## WORK REQUEST
Please repeat the records beneath this task exactly as they appear, but skip the images.

## PROVIDED DATA
☆ ☆ ☆ ☆ ☆
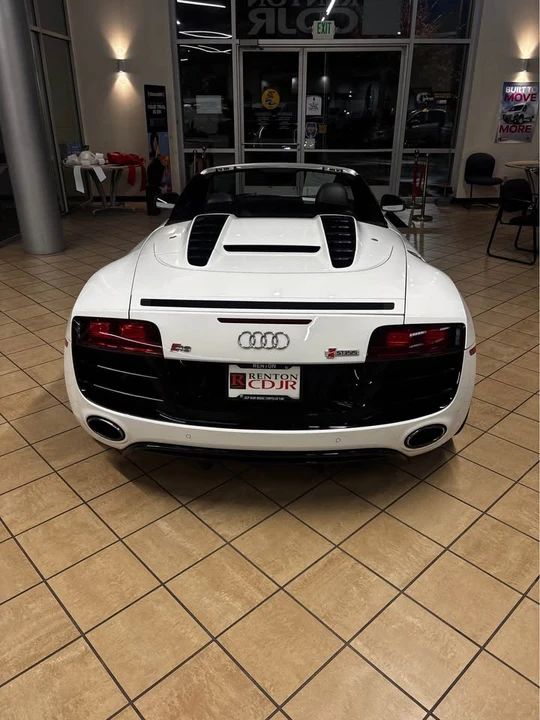 2011 Audi 42 R8 - Image 5 of 11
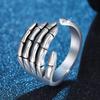 Anillo de Mano de Garra de Mano Mágica de Palma de Plata Tailandesa Mano de Cráneo para Mujer Simple Retro Antiguo Frío Moda Personalidad Joyería al por Mayor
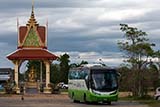 Banthathon Temple with Malaysian tour bus, Hat&nbsp;Yai - Click for larger image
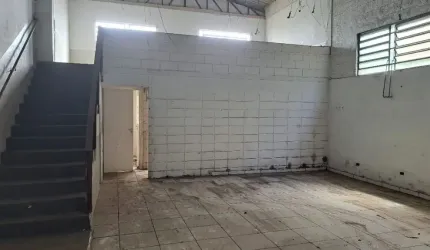 Loja/Deposito - Centro Comercial Itapecerica da Serra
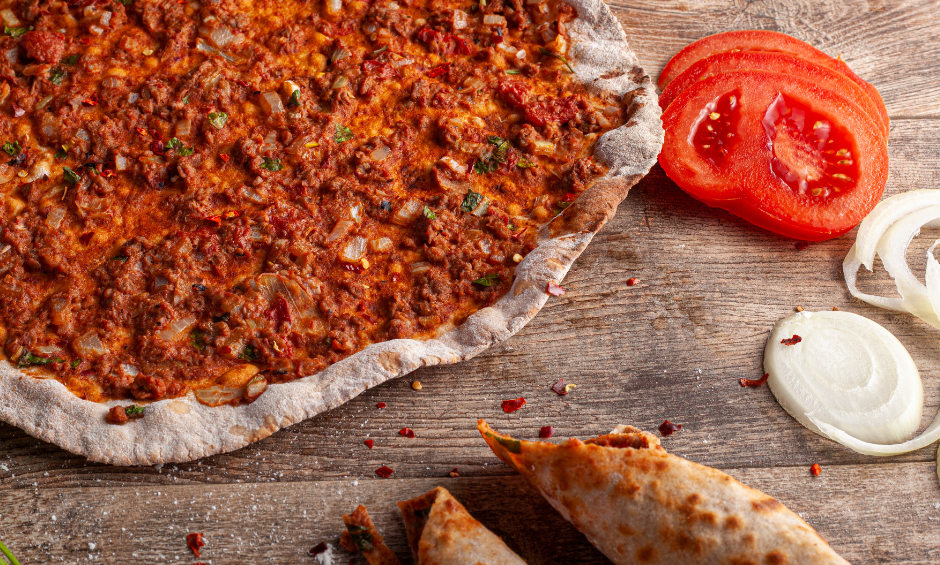 Lahmacun, czyli pizza w stylu tureckim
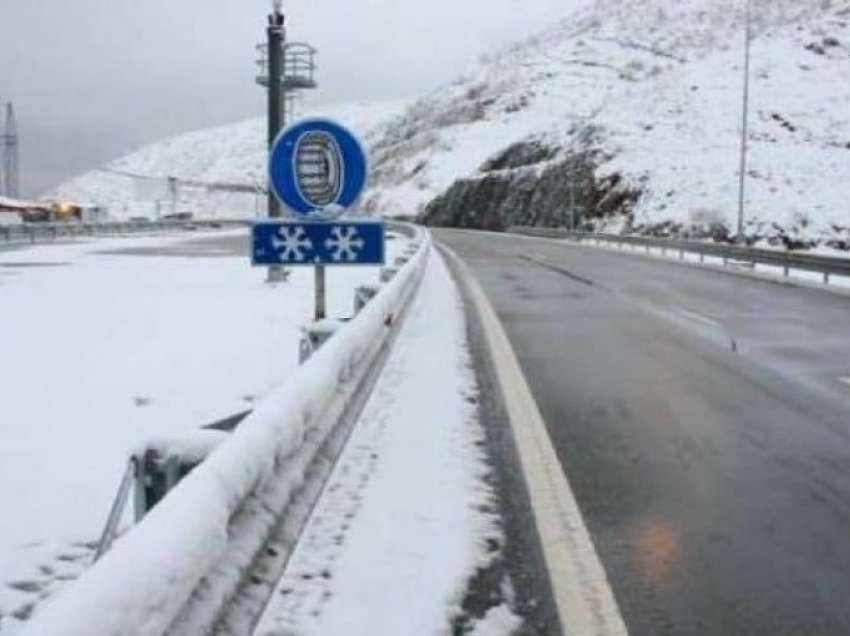 Ministria e Infrastrukturës njofton mbi gjendjen e rrugëve pas reshjes së borës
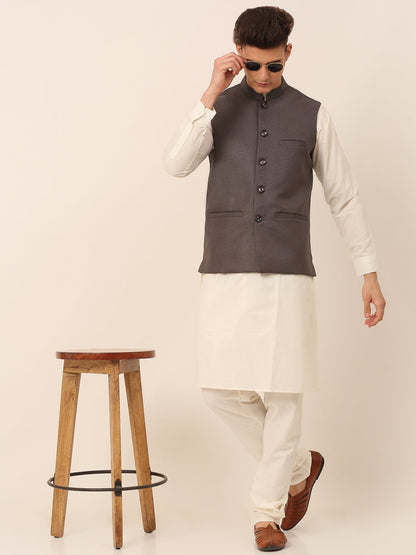 Men'S Solid Kurta Pyjama With Nehru Jacket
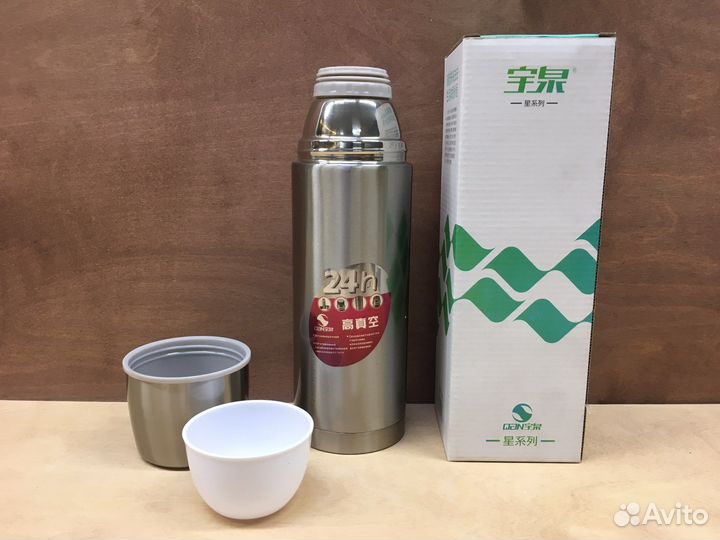 Термос 1 л из нержавейки с двумя чашками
☆ ☆ ☆ ☆ ☆
## OUTPUT
 2011 Audi 42 R8 - Image 5 of 11
 Anillo de Mano de Garra de Mano Mágica de Palma de Plata Tailandesa Mano de Cráneo para Mujer Simple Retro Antiguo Frío Moda Personalidad Joyería al por Mayor
 Banthathon Temple with Malaysian tour bus, Hat&nbsp;Yai - Click for larger image
 Loja/Deposito - Centro Comercial Itapecerica da Serra
 Lahmacun, czyli pizza w stylu tureckim
 Ministria e Infrastrukturës njofton mbi gjendjen e rrugëve pas reshjes së borës
 Men'S Solid Kurta Pyjama With Nehru Jacket
 Термос 1 л из нержавейки с двумя чашками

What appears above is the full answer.